16日、「ジャーヘッド」を観た10分後に観た作品。南米の作品で(メキシコとエクアドルの合作)で、コピーに「あの『シティ・オブ・ゴッド』を凌ぐ!」とありましたが、多分凌ぎはせんだろうと検討をつけつつ、やっぱりラテンの作品は好きなので観ることにしました。しかし・・・。いや作品としては力強く、ラストはそういう展開になるのかぁと、なかなかのもんでしたが、後味が最悪で。「ジャーヘッド」も力が入ったので、とても疲れたはしごとなりました。

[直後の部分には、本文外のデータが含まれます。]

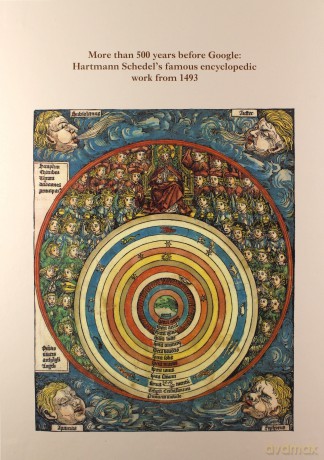 Chronicle of the World - Hartmann Schedel [KSIĄŻKA]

マイアミに拠点を置くラテンアメリカ人系向けのタブロイド番組の人気テレビレポーター、マノロ(ジョン・レグイザモ)は、番組プロデューサーのマリサ(レオノール・ワトリング)、カメラマンのイバン(ホセ・マリア・ヤスビク)と共に、子供ばかりを狙う殺人鬼”モンスター”の事件を追うため、エクアドルに入国する。取材中、偶然飛び出した少年が車に轢かれる現場に居合わせた彼らは、興奮した群集にリンチされていたビニシオ(ダミアン・アルカザール)を助ける。翌日”モンスター”の取材のため留置所を訪れたマノロたちは、ビニシオから真実を番組を通じて伝えて欲しいと言われる。代わりにビニシオは、まだ誰も知らない”モンスター”の情報を教えると言います。

冒頭何だか虚ろな表情で怪しげな行動を取っているビニシオが映ります。ここで観客は少々胡散臭く感じます。そこへリンチ事件。これが凄まじいリンチで、ビニシオばかり責められない状況であるのに、人々は”モンスター”事件のため殺気立ち、自分の子供も犠牲になるかも知れない不安感は、群集心理となりまるでビニシオにモンスターへの怒りをぶつけているようです。
ここら辺の演出は南米作品独特の血の気の多さと、湿り気を感じさせ、見応えのある演出でした。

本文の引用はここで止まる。